There are a lot of family,
friends and colleagues around the world who are and will continue to be sad for
a very long time because of his death - none more so than wife Margaret and
their immediate and wonderful family.
I count myself fortunate
to be a member of the wider PL ‘family’. This story isn’t about PL the
so-called wine making ‘legend’, a term Margaret dislikes with a passion – along
with icon and numerous other overblown descriptions. Outstanding tributes and
recognition of his significant and life long contribution to the Australian
wine industry and his passion for the Barossa are to be found elsewhere.
Wine, Barossa Music
Festivals and Gourmet Weekends, the Birdsville Track mailman Tom Kruse doco and
filming Tasting Australia for ABC TV, wonderful long lunches in the Lehmann
kitchen and the occasional sleepover may have been how and why my wife Jane and
I met Peter and Margaret, but it was around other shared interests that our
friendship developed.
PL really enjoyed growing
things as well grapes. Who knew mangoes and avocados thrived at Tanunda! He
would fish just about anywhere and he loved a punt on useless four legged grass
burners. He followed a couple of trainers, with the Hayes family at the top of
the list.
Our Saturday afternoons together
were usually in the kitchen with Sky Racing on the screen and the TAB page from
the local rag on the table, while Jane and Margaret discussed the weighty issues
of the world.
PL also owned a number of
trotters that occasionally won at better than 15/1. Of course he wouldn’t tell
you it was going around until 20 minutes after the race – because he didn’t
think it was a chance.
In recent years, as his
remaining kidney steadily lost function and needed to be hooked up to a
dialysis machine in Adelaide three days a week, he kept his punting cash in his
pocket. He knew what we part-time punters finally work out – it’s a mug’s game
and he loved it.
PL also enjoyed wetting a
line. From the early 90s, we’d work on a plan to go somewhere a bit different
every year to catch a fish.
Garfish
– on a moonless night with Department of Ag agronomist Bob Haggerstrom in his
four metre tinny, catching net and underwater light in hand at American River
on Kangaroo Island. There could only be two at a time onboard. This meant
Margaret and I would be on the jetty with a warming glass or two of some
Lehmann deliciousness. We’d swap over every 20 minutes. We quickly learnt that you’ve
got to get the small catching net on the end of the hand held pole in front of
a garfish. They are impossible to scoop up from behind. They’re too fast!
Snapper – off
the bottom of Yorke Peninsula with Dave Burge from Coober Pedy and his motley
crew in vessels of questionable seaworthiness. From time to time we slept in
swags. When PL rolled out of bed on day two of the snapper expedition, after a
particularly rough night, he swore that his swag days were over – indeed he
never swagged it again.
King George Whiting - at Coffin Bay, off Farm Beach and around the Sir
Joseph Banks Group of Islands off Tumby Bay on Eastern Eyre Peninsula with Ken
Scott. I now have in my boat a GPS mark off Farm Beach named Lehmann. PL
cleaned up with a bag of 40 + cm KG whiting. It’s the spot where he showed me
how to skin a leather jacket (a much underrated fish in his view) with the back
of a hacksaw blade. He liked the flavor of the fish and skin, lightly fried in
butter with a squeeze of lemon and a bit of cracked pepper.
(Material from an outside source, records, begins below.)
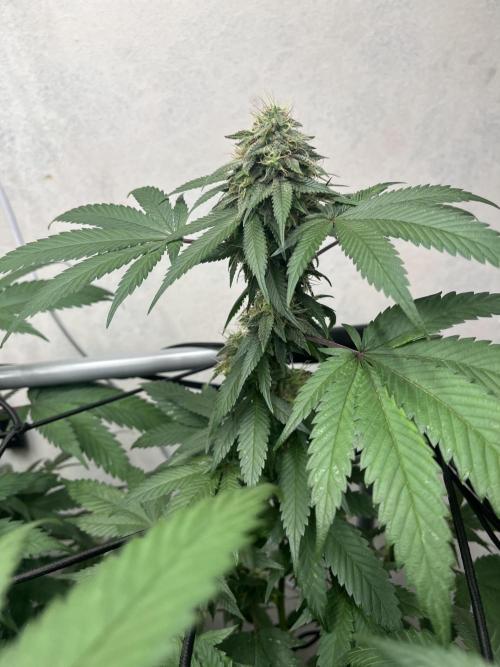 Barney‘s 4 Strain Grow 2025. Week 22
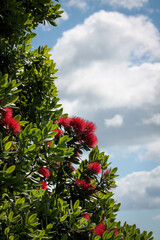 Pōhutukawa tree flowers and leaves - bright red in New Zealand Aotearoa summer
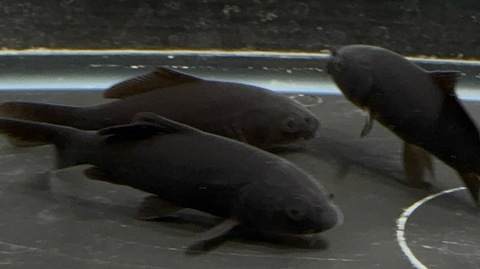 ブラックコメット　7-8cm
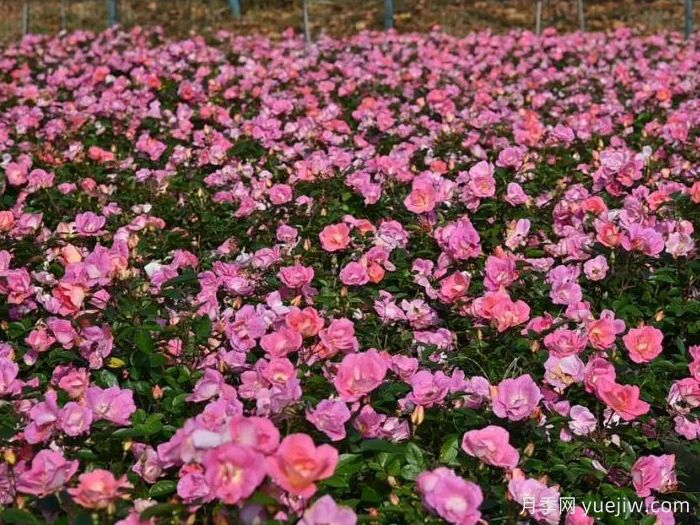 天狼月季西子系列，耐湿热型低维护系列月季(图3)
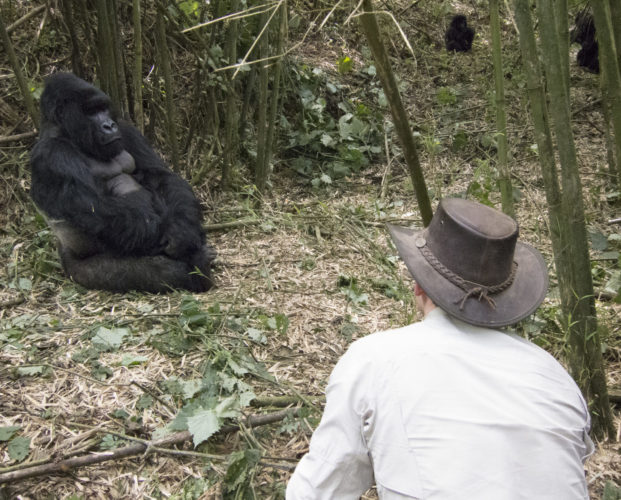Up Close Gorilla, Rwanda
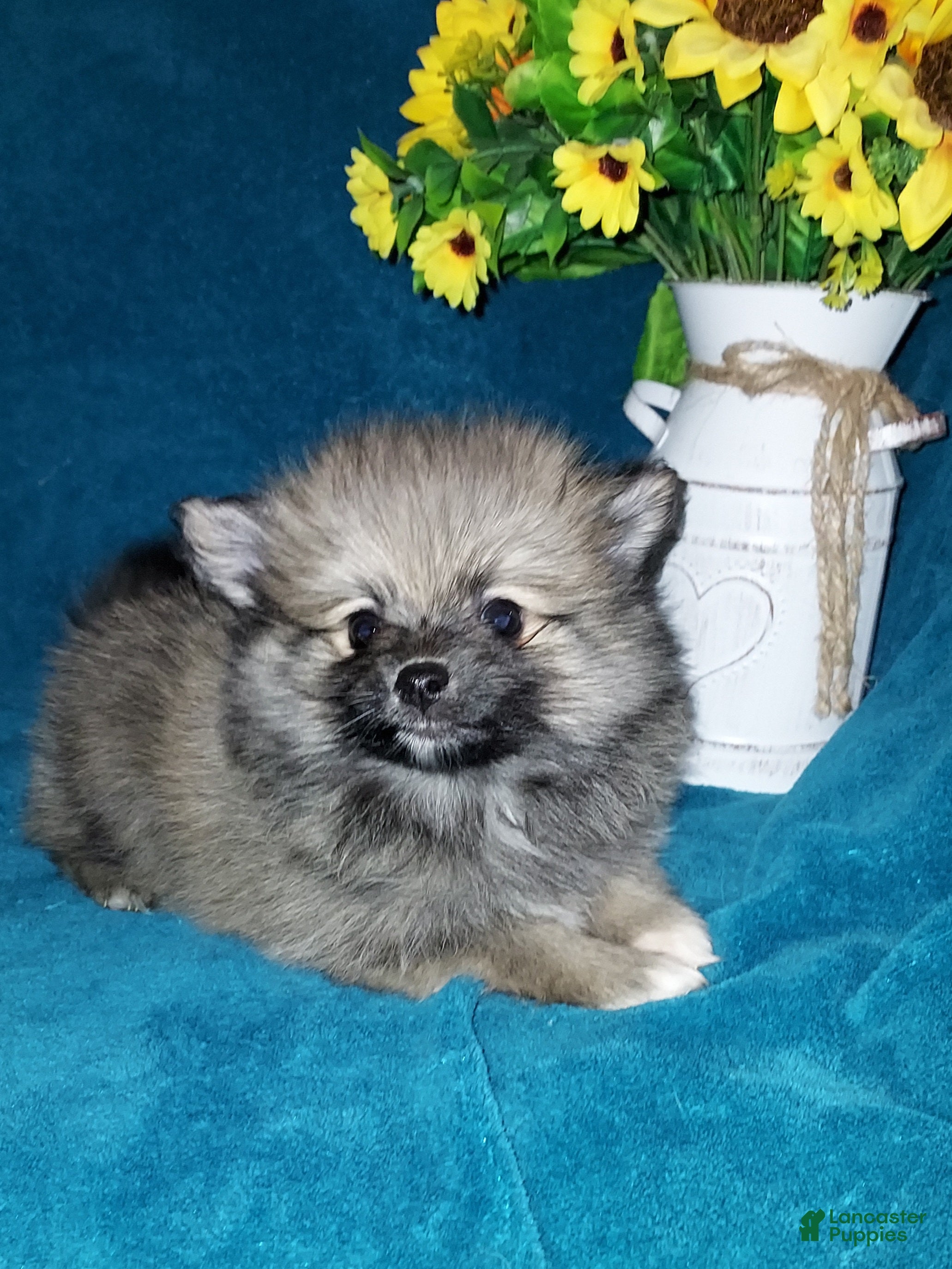 Pomeranian dogs Freddy - Ad 2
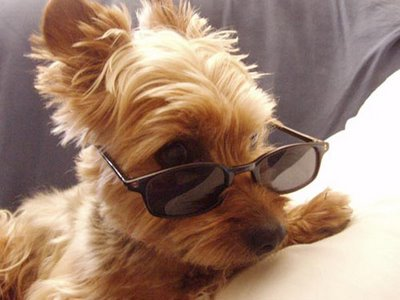 What Is Your Dream Pet?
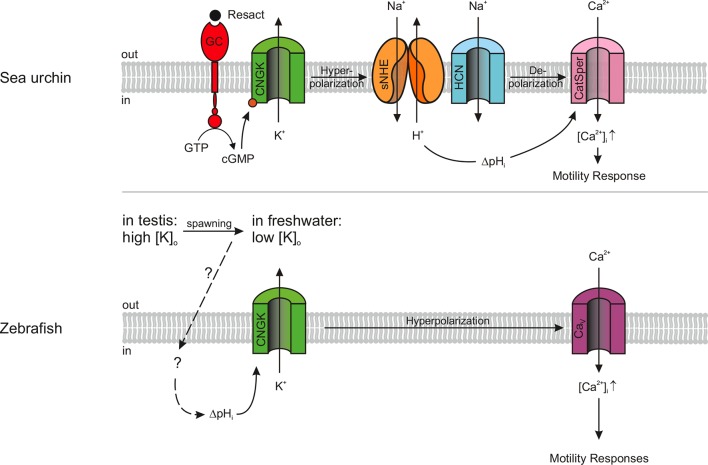 Figure 7.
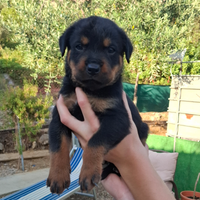 Cuccioli rottweiler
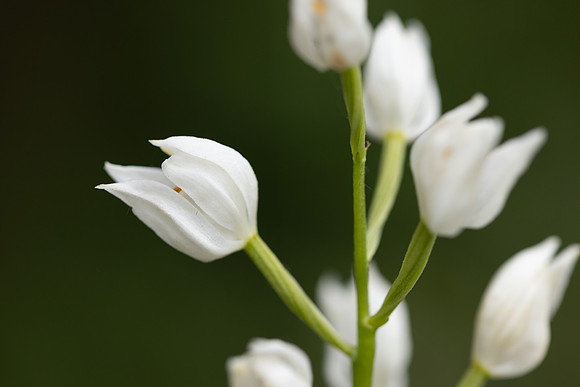 Sword-leaved Helleborine, Rodbrough Common, May 2023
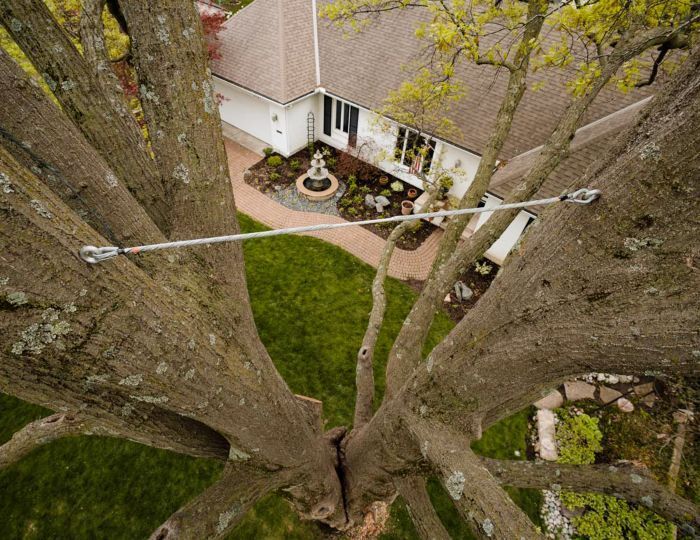 View from inside a tree, looking down at a house with a lawn. A cable supports the tree branches.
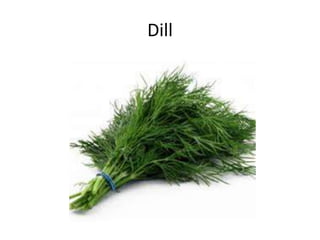 Dill
 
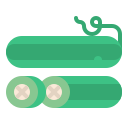 pepino icon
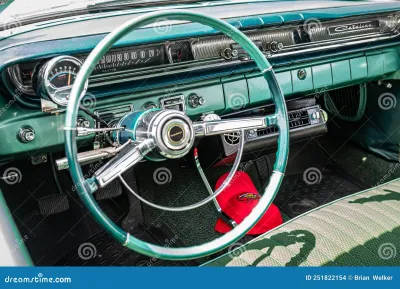 Catalina Safari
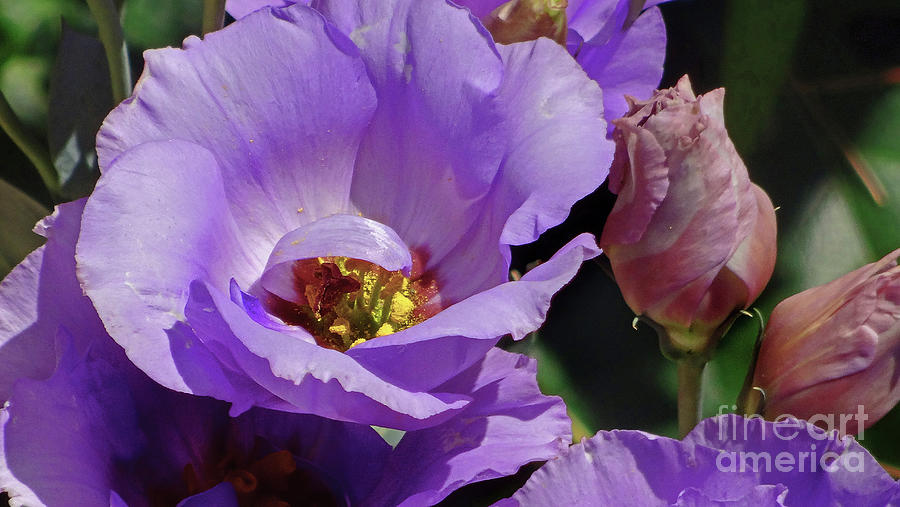 Lisianthus Flower  Photograph by Eunice Warfel
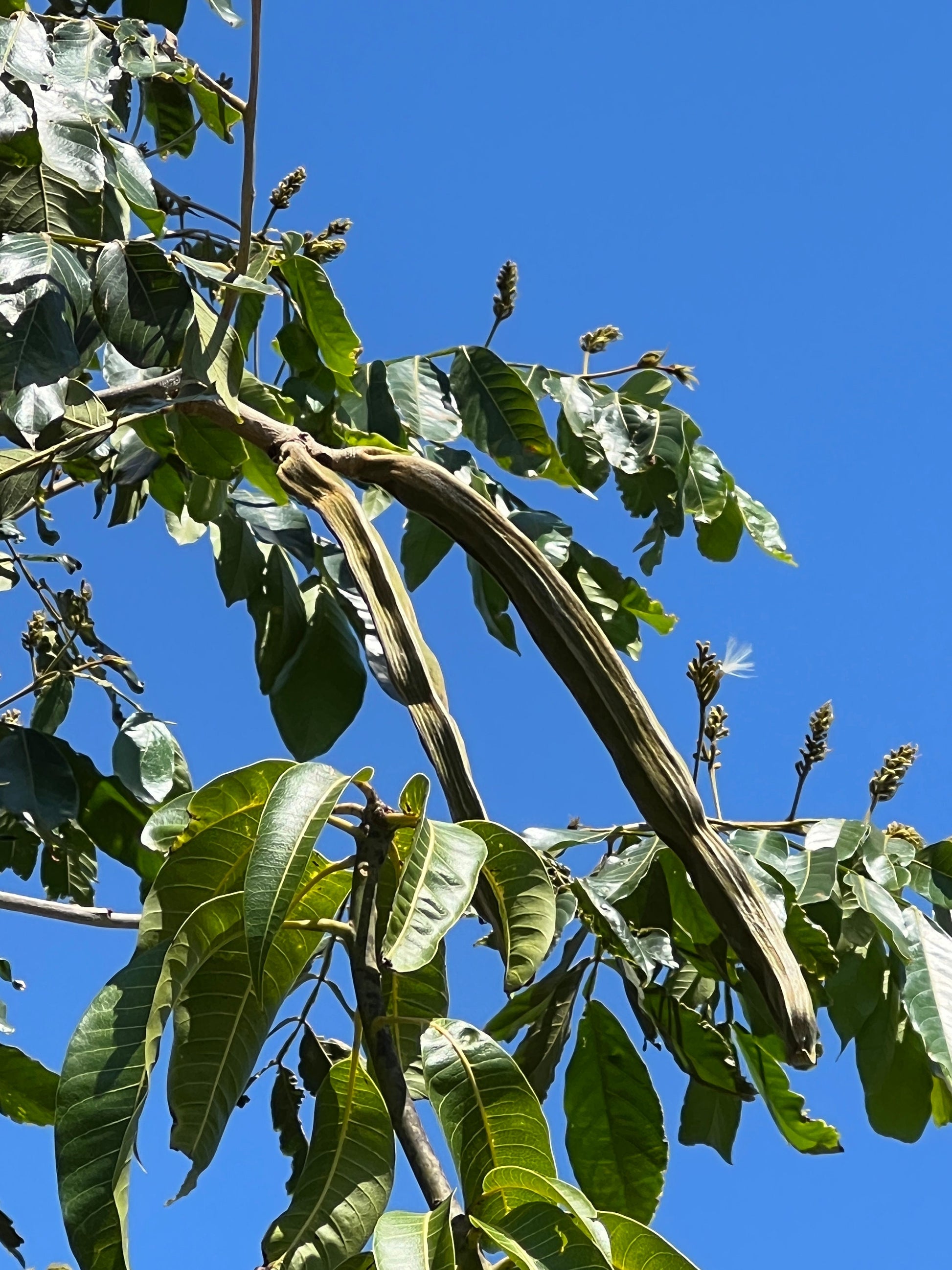 "Close-up of ripe Inga Edulis fruit, displaying its distinctive shape and vibrant coloration, ready for harvest and enjoyment, offering a sweet and satisfying tropical flavor."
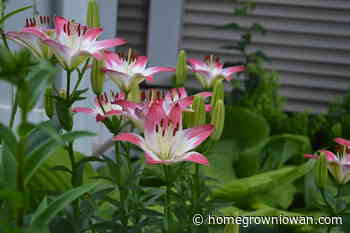 Master Gardener 2022 Garden Walk will showcase fabulous gardens - Homegrown Iowan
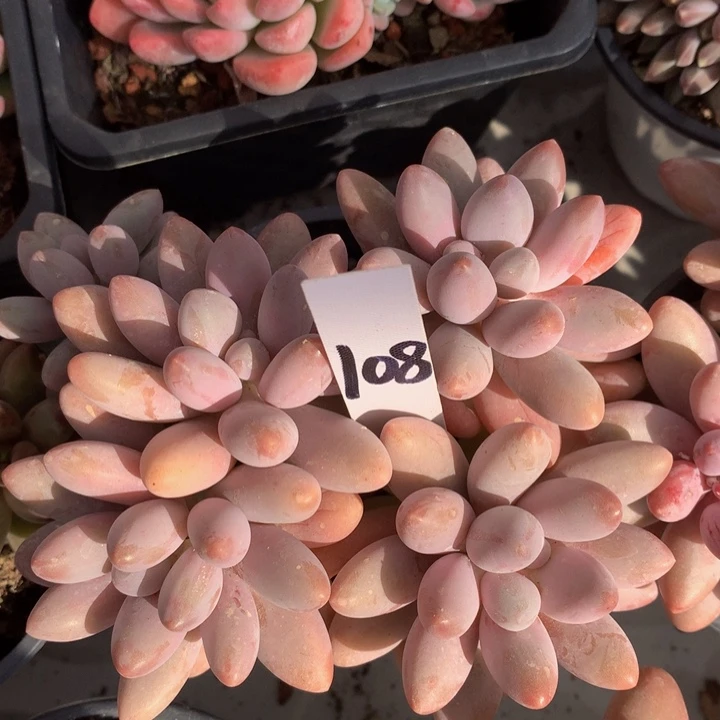 粉的恋人多日子黑五7277273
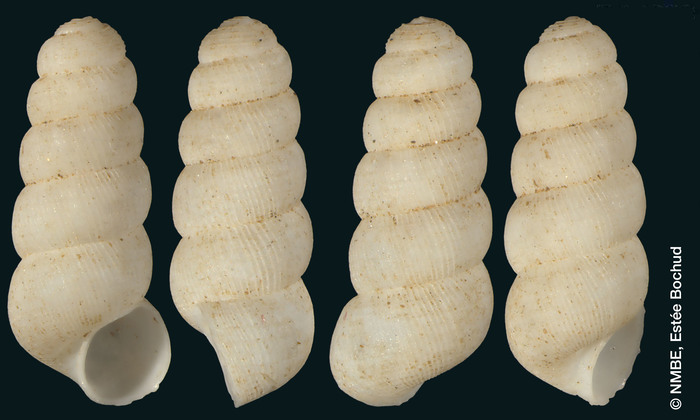 Pholeoteras zilchi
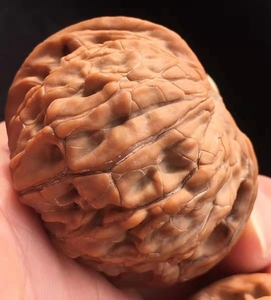 文玩核桃磨盘正磨特大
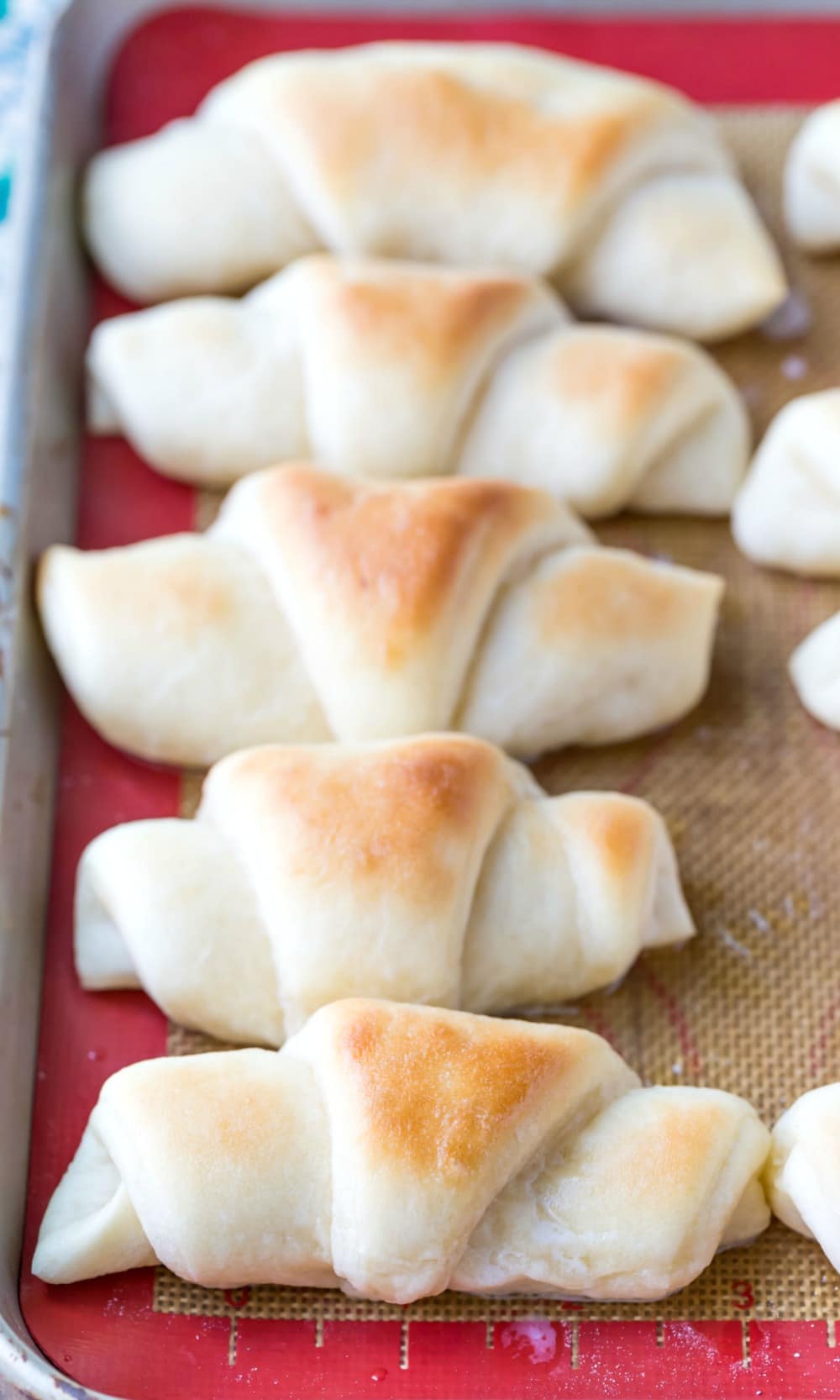 row of crescent rolls on a sheet pan tray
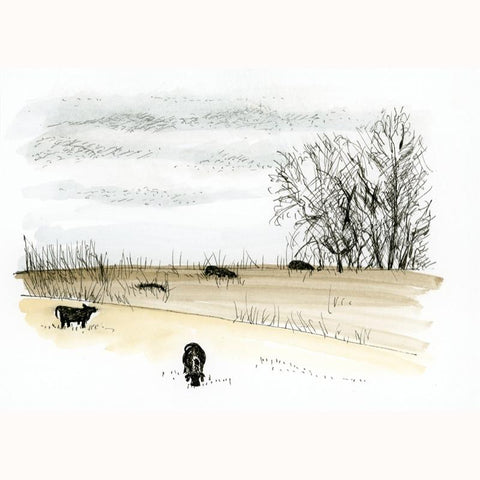 November Cows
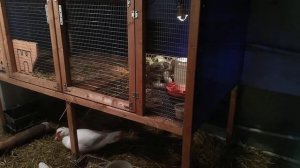 @12 как содержать маленьких  утят зимой, чем кормить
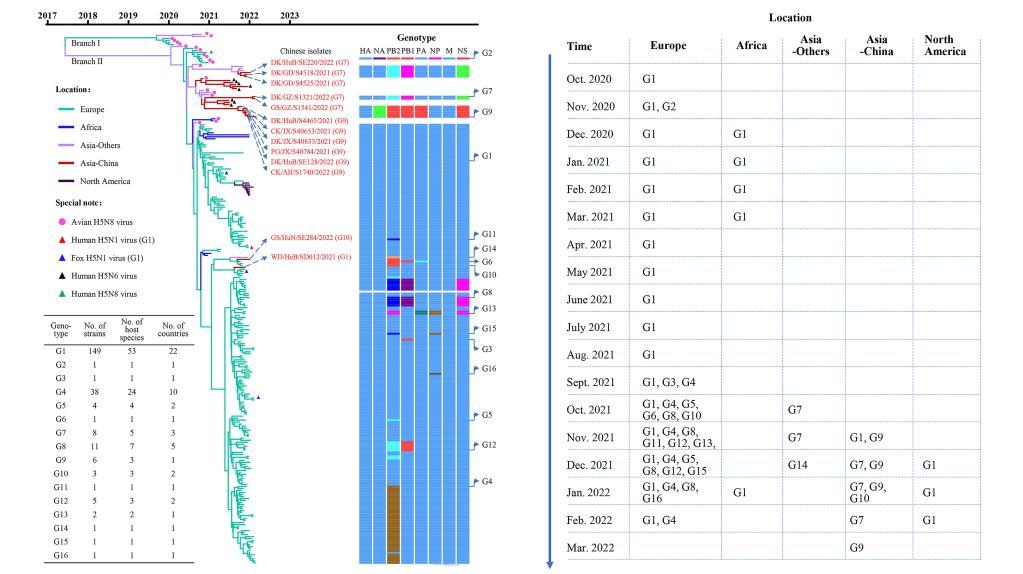 H5N1最新动态，全球疫情监测与防控策略分析，全球H5N1疫情动态与防控策略解析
Mulloway & Coorong Mullet – in the Coorong (caught with square hooks – read
net) after a failed attempt to land a Coorong mullet with a line. Lakes and
Coorong fishers Gary Hera-Singh and Henry Jones were wonderful hosts and
enjoyed the PLW Port and being walloped by Margaret at crib.
There are numerous
trophies and remarkable photographs in the wondrous Lehmann home in the Barossa.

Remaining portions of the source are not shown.